── RECORDS SHOWN
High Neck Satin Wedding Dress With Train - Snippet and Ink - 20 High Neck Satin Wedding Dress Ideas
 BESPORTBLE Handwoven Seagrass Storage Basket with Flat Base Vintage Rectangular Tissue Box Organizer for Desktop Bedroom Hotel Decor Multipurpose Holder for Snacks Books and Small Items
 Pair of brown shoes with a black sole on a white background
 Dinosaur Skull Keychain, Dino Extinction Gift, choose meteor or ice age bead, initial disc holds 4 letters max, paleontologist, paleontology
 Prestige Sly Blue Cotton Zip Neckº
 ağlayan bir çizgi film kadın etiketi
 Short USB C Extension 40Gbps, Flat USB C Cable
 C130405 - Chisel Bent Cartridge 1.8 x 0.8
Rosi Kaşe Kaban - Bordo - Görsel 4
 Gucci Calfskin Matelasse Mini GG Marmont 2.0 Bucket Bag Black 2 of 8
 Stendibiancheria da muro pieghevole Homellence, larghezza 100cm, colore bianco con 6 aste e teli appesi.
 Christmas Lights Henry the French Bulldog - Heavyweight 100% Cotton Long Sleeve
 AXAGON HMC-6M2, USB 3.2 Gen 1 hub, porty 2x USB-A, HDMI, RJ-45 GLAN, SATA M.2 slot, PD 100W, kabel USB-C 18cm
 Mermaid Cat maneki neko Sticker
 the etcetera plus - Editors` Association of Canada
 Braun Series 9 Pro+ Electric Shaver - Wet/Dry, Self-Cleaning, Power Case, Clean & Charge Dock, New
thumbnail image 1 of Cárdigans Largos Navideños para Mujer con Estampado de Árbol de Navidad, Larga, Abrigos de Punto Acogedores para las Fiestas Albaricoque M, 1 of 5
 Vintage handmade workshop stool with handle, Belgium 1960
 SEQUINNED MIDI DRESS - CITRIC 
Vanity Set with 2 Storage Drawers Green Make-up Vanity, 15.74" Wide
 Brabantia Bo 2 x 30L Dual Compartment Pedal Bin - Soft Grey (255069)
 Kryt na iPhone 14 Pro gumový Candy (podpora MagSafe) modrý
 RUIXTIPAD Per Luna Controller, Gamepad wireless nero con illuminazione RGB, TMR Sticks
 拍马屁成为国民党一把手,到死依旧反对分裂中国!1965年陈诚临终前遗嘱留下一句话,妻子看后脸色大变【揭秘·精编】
────
**WHAT THE TASK ASKS**
Copy each entry above exactly, leaving nothing out.

**REPLY TO THE EXERCISE**
High Neck Satin Wedding Dress With Train - Snippet and Ink - 20 High Neck Satin Wedding Dress Ideas
 BESPORTBLE Handwoven Seagrass Storage Basket with Flat Base Vintage Rectangular Tissue Box Organizer for Desktop Bedroom Hotel Decor Multipurpose Holder for Snacks Books and Small Items
 Pair of brown shoes with a black sole on a white background
 Dinosaur Skull Keychain, Dino Extinction Gift, choose meteor or ice age bead, initial disc holds 4 letters max, paleontologist, paleontology
 Prestige Sly Blue Cotton Zip Neckº
 ağlayan bir çizgi film kadın etiketi
 Short USB C Extension 40Gbps, Flat USB C Cable
 C130405 - Chisel Bent Cartridge 1.8 x 0.8
Rosi Kaşe Kaban - Bordo - Görsel 4
 Gucci Calfskin Matelasse Mini GG Marmont 2.0 Bucket Bag Black 2 of 8
 Stendibiancheria da muro pieghevole Homellence, larghezza 100cm, colore bianco con 6 aste e teli appesi.
 Christmas Lights Henry the French Bulldog - Heavyweight 100% Cotton Long Sleeve
 AXAGON HMC-6M2, USB 3.2 Gen 1 hub, porty 2x USB-A, HDMI, RJ-45 GLAN, SATA M.2 slot, PD 100W, kabel USB-C 18cm
 Mermaid Cat maneki neko Sticker
 the etcetera plus - Editors` Association of Canada
 Braun Series 9 Pro+ Electric Shaver - Wet/Dry, Self-Cleaning, Power Case, Clean & Charge Dock, New
thumbnail image 1 of Cárdigans Largos Navideños para Mujer con Estampado de Árbol de Navidad, Larga, Abrigos de Punto Acogedores para las Fiestas Albaricoque M, 1 of 5
 Vintage handmade workshop stool with handle, Belgium 1960
 SEQUINNED MIDI DRESS - CITRIC 
Vanity Set with 2 Storage Drawers Green Make-up Vanity, 15.74" Wide
 Brabantia Bo 2 x 30L Dual Compartment Pedal Bin - Soft Grey (255069)
 Kryt na iPhone 14 Pro gumový Candy (podpora MagSafe) modrý
 RUIXTIPAD Per Luna Controller, Gamepad wireless nero con illuminazione RGB, TMR Sticks
 拍马屁成为国民党一把手,到死依旧反对分裂中国!1965年陈诚临终前遗嘱留下一句话,妻子看后脸色大变【揭秘·精编】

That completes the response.